For the past three years, the Forum has been seeking information on 12 aspects including exploration, excavation, preservation and promotion of Buddhist sites from 1990-2011.
“The results were shocking…the total financial spending of the States’ archaeological departments on the ancient Buddhist sites under their jurisdiction in the past 21 years was only Rs.17.63 crore. A majority of pilgrims from South Asian countries want to visit places other than known ones like Bodh Gaya. But these are not being maintained in a way that attracts the tourists,” a member of the NGO told The Hindu .
Arunachal Pradesh has spent the maximum amount (Rs.14 crore) on the maintenance of living monasteries like the Tawang Monastery, Gaden Rabgyeling Monastic School in Bomdila and Singsur Nunnery. Gujarat comes second with Rs. 1.92 crore as it has promoted Buddhist heritage by organising an international seminar.
In the third place is Haryana which has spent Rs.80.60 lakh on two sites at Yamuna Nagar and one at Kurukshetra. Jammu and Kashmir has spent Rs.28 lakh on Parihaspora and Pattan. Maharashtra has spent Rs.25 lakh on just one site in Osmanabad.
Andhra Pradesh, boasting a number of Buddhist sites, has spent only Rs.18.63 lakh, Odisha spent Rs.8.26 lakh on five sites and Kerala invested just Rs.57,787 on four sites.
Though Buddha attained enlightenment in Bihar and the State attracts a number of foreign tourists, the State Archaeological Department has listed only three protected Buddhist sites in Bihar. There is no information on tourist promotion and providing toilets, lighting and pathways.

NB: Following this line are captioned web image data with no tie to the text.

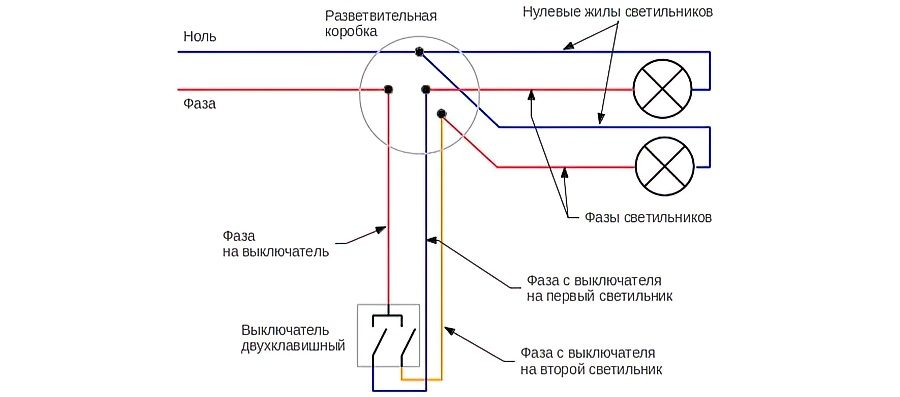 dklavish-5-5547814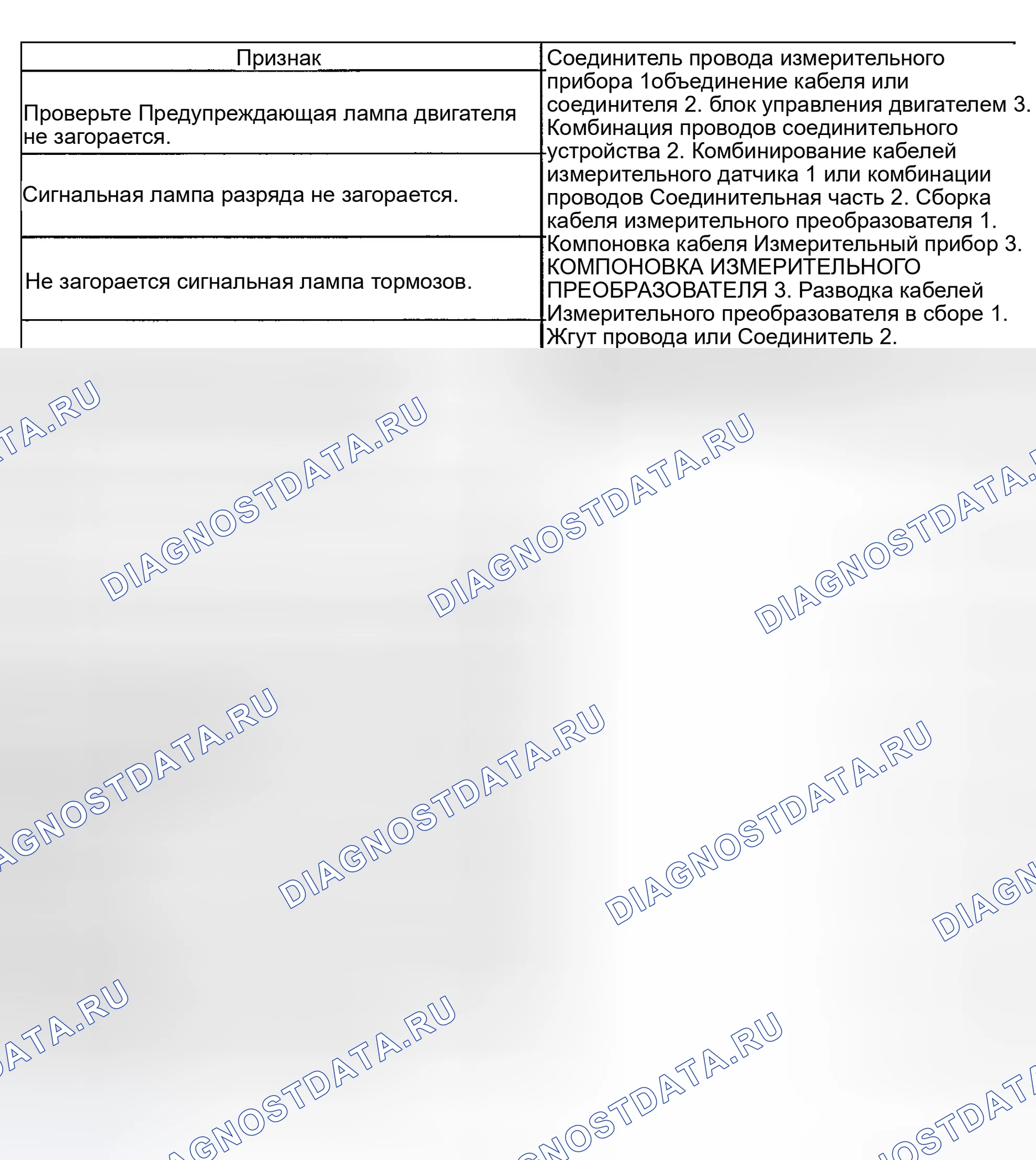 Рис. 47: Предупредительные огни и зуммер. Honda Accord VI
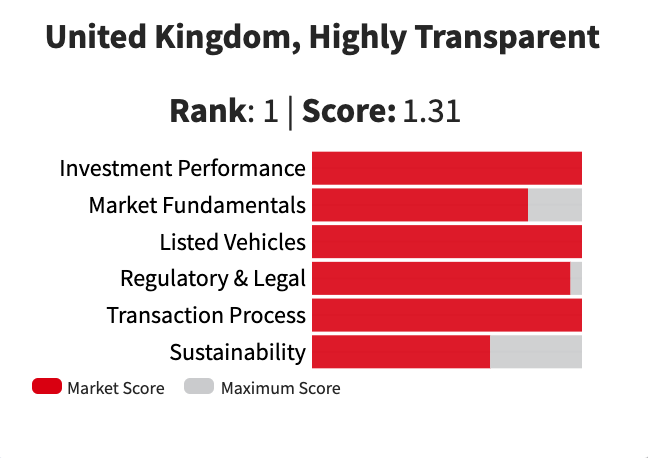 Transparency of the UK Market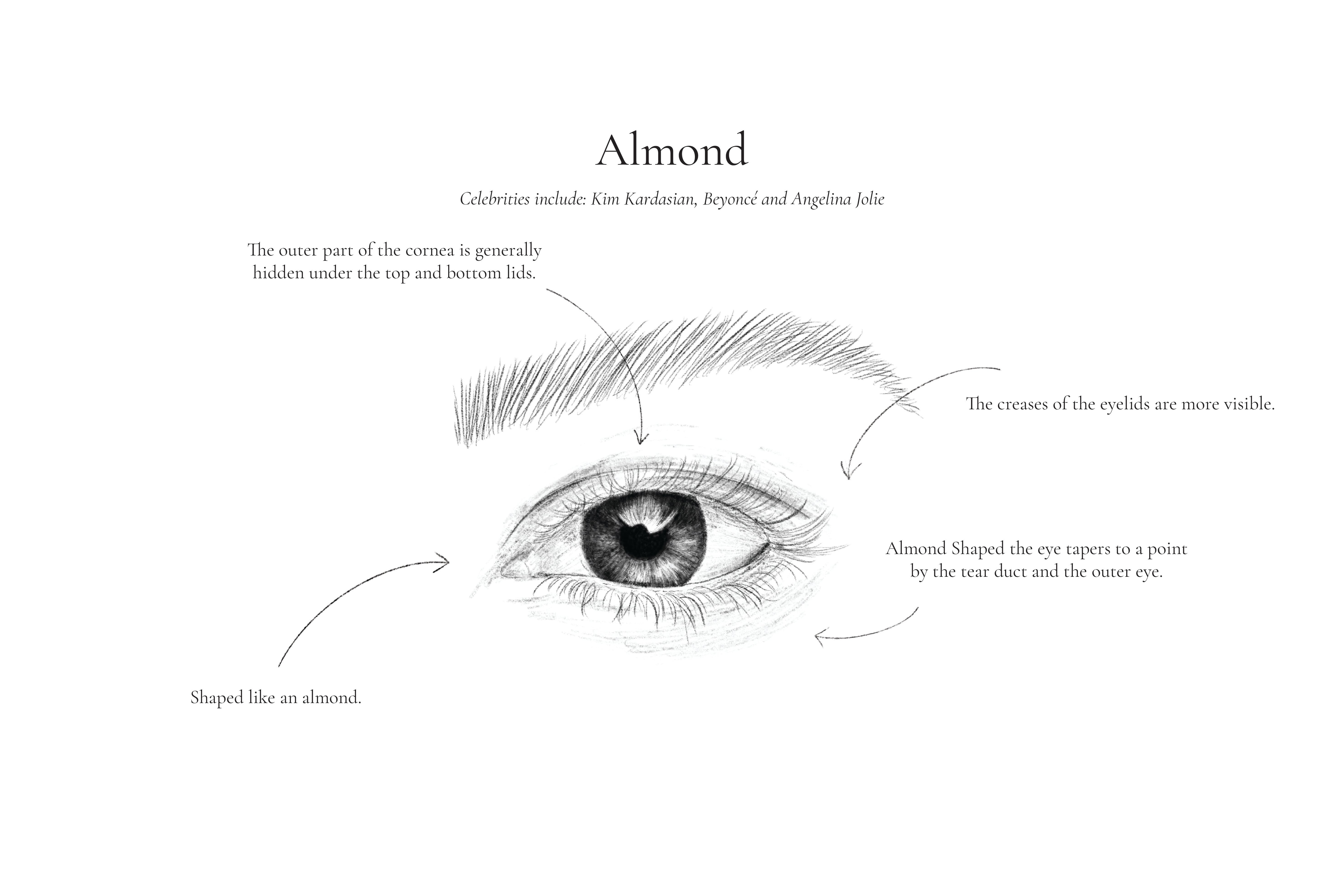 Almond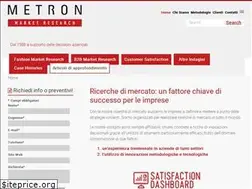 Sites similar to metron-on-line.it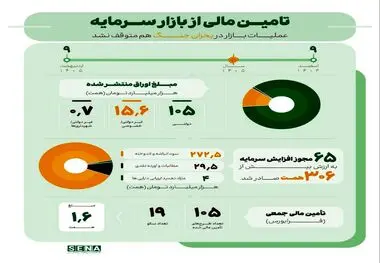 عملکرد بازار سرمایه در شصت روز جنگ
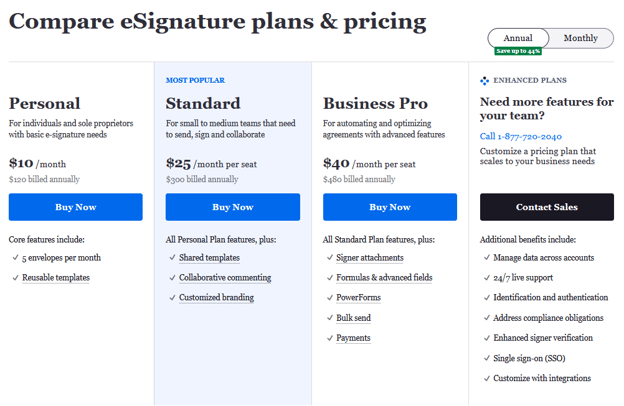 DocuSign pricing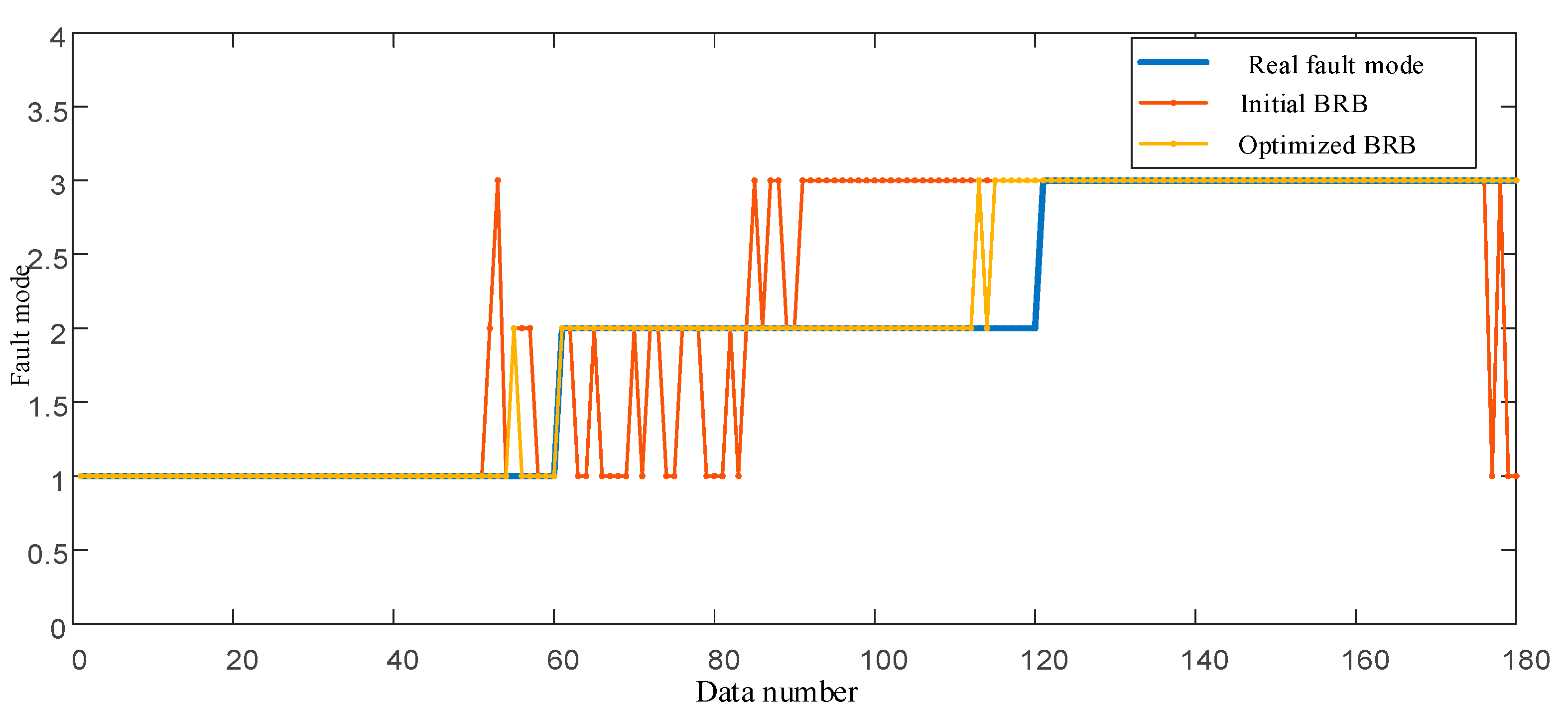 Entropy 25 00442 g007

Historically, Uttar Pradesh is the most significant area concerning Buddhist culture but the RTI reply from office of State Archaeological Department was that it did not have any State-protected Buddhist site under its jurisdiction in the past 21 years. Neither could it list any Buddhist site in whole of Uttar Pradesh.
Though Dharamshala is seen as the second home of Tibetan Buddhism, Himachal Pradesh’s State Department has still not initiated any move to protect sites under its jurisdiction.
Roshan Lal Negi, a Buddhist scholar in Himachal Pradesh, said in Lahaul-Spiti itself there are about 20-30 sites which bear evidence of ancient Buddhist culture and heritage.
“Honeymoon couples are allowed to visit the Ashoka Pillar at Sarnath. This discourages travellers from South Asian countries to visit this site. Similarly, other sites are not being used as places of spiritualism,” he said.
States like Rajasthan, Himachal Pradesh, Manipur, Meghalaya, Karnataka, Tripura and Uttarakhand never identified and preserved Buddhist sites. Archaeological Department of Madhya Pradesh, which has Sanchi Stupa, has no record of funds spent on the ancient Buddhist sites.
To keep alive Buddhist tradition, the NGO will file a petition in the Supreme Court so that the State departments spend appropriate maintenance on the upkeep of Buddhist sites.